SHANGHAI: The yuan eased on Monday as companies rushed to buy dollars after a disappointing job report cast doubt on a possible US interest rate rise in June, pushing the greenback to multi-month lows.
"The prices today were really good for our corporate clients, given that the yuan depreciated 1.6 percent in May," said a trader at a Chinese commercial bank.
The People's Bank of China set the midpoint rate at 6.5497 per dollar prior to the market open, 0.5 percent firmer than the previous fix of 6.5793. Some traders said Monday's fix was much weaker than their estimates which were around 6.53.
"It seems to me that the Chinese authorities still prefer to kick in a weakening bias in its currency," wrote Zhou Hao, senior EM economist at Commerzbank AG in Singapore, in a research note to clients.
Spot yuan opened at 6.5550 per dollar and was changing hands at 6.5643 at midday, easing 0.2 percent from the previous close. Traders said the central bank was believed to have stayed on the sidelines despite robust dollar demand from corporate clients.

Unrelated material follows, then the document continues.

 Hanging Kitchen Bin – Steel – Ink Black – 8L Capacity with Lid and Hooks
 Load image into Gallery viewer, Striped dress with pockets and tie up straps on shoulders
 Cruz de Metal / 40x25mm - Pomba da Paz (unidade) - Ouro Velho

"The divergence between market prices and the midpoint says something about the imperfection of the midpoint fixing mechanism," said one trader from another Chinese commercial bank.
The Chinese currency firmed about 0.5 percent to close at 6.5515 in the domestic market's late night trade on Friday as the dollar index plunged 1.6 percent.
Still, the international community sees some progress in China's reform towards a more market-oriented exchange rate regime.
US Treasury Secretary Jack Lew said on Friday that China has largely been keeping its G20 commitments to avoid competitive currency devaluations, adding that its action in recent months to spend reserves to support the yuan have been consistent with those commitments.
The latest China Foreign Exchange Trade System (CFETS) data showed that the index for the yuan's value based on the market's trade-weighted basket stood at 97.00 last week, the lowest since the week that ended May 13.
The offshore yuan was trading only 0.01 percent softer than the onshore spot at 6.5649 per dollar.
Traders are also awaiting a flurry of May economic data in coming weeks, with foreign exchange reserves possibly out as early as Tuesday and trade on Wednesday.
China's forex reserves likely fell $20 billion to $3.2 trillion in May, after two months of marginal gains, but traders believe capital outflows remain largely in check, a Reuters poll showed.